There have been difficulties and a learning curve as well, Corbett said. He often finds a plethora of questions arising during a session, but the fast pace makes it so he doesn’t have time to get them out.

“Television production can be laborious physically and mentally. But like the tough work that kitchens dish out, it is similarly very gratifying to stand back and see your efforts being appreciated by the people,” said Corbett.

Kavanaugh is hoping that the show’s mix of talent, both on staff and from guests, will draw viewers from throughout Vermont and beyond.

“Outside of Burlington is very important to me, and you will see a number of guests representing areas from all over Vermont and beyond,” said Kavanaugh. “We will also bring folks in from Canada, as WCAX-TV is the official CBS affiliate for all of Quebec and parts of Ontario, including Ottawa.”

He has some help in that department: Nicole Fenton, who works for Harwood Moses Chambers, an advertising and public relations agency in Stowe, and Sarah Badger, who is the chief spokeswoman for Vermont Teddy Bear, are helping line up guests for the show.

Kavanaugh also will have a regular troupe of actors to call upon to help with the show’s skits.

“We have a number of performers for some of the regular skits as well, as I have called on and will continue to call on local theater groups to be a part of a skit,” said Kavanaugh.

The show will be taped before a live studio audience in Champlain College’s Alumni Auditorium, and the stage is set up so it can accommodate skits, musical acts, and seated guests.

“Half the stage is set up as the interview area with me behind a desk and guests on chairs.
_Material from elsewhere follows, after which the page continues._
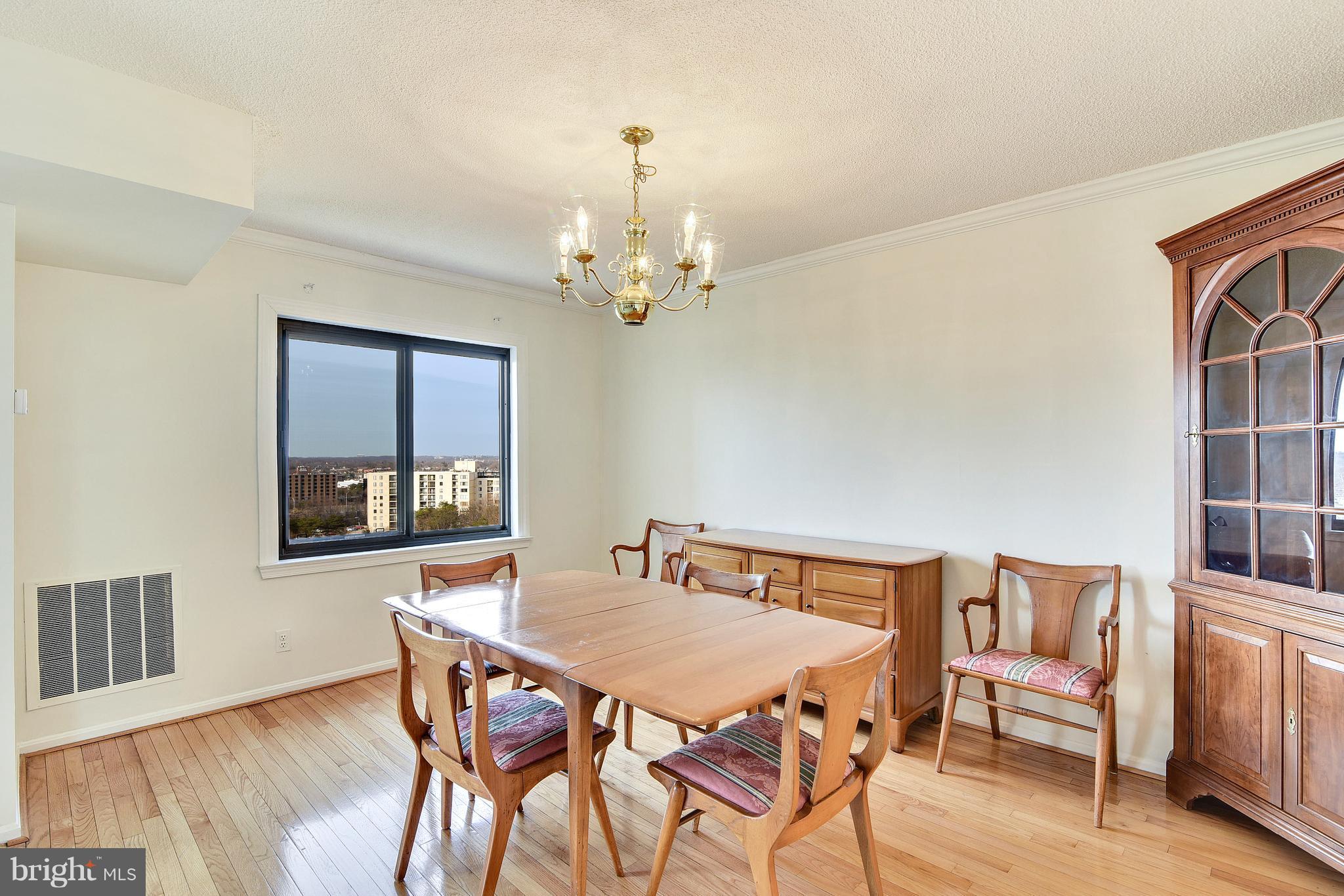 WATERGATE AT LANDMARK - Residential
Like Carson, I will keep the guests out with me through the end of the show. The other half of the stage is the performing area for bands, theater groups, comedians, and live skits,” said Kavanaugh.

The show will open with a two-minute monologue delivered by Kavanaugh, then “on with the show.” With commercial breaks, that means a total of 22 minutes to fill.

“And 22 minutes goes by fast,” he said.

To find out more about upcoming guests and how to get tickets to be part of the live studio audience, visit

About Tim Kavanaugh

Kavanagh, who grew up in Newport, began his Burlington acting career with the Champlain College Theater Department while attending the school. He went on to perform in numerous theater productions with Lyric Theatre and also with other local theater companies.

Having hosted numerous live events, Kavanagh was acknowledged on Entertainment Tonight for serving as master of ceremonies for Jim Carrey at his wrap party for the feature film Me, Myself, and Irene.

Kavanagh’s comedy career continued when he joined forces with local comedy troupe Kamikaze Comedy in 2003. Most recently, he performed improv comedy at The House of Blues and The Four Seasons Hotel in Chicago.

He lives in Burlington with his wife Sherry and three sons.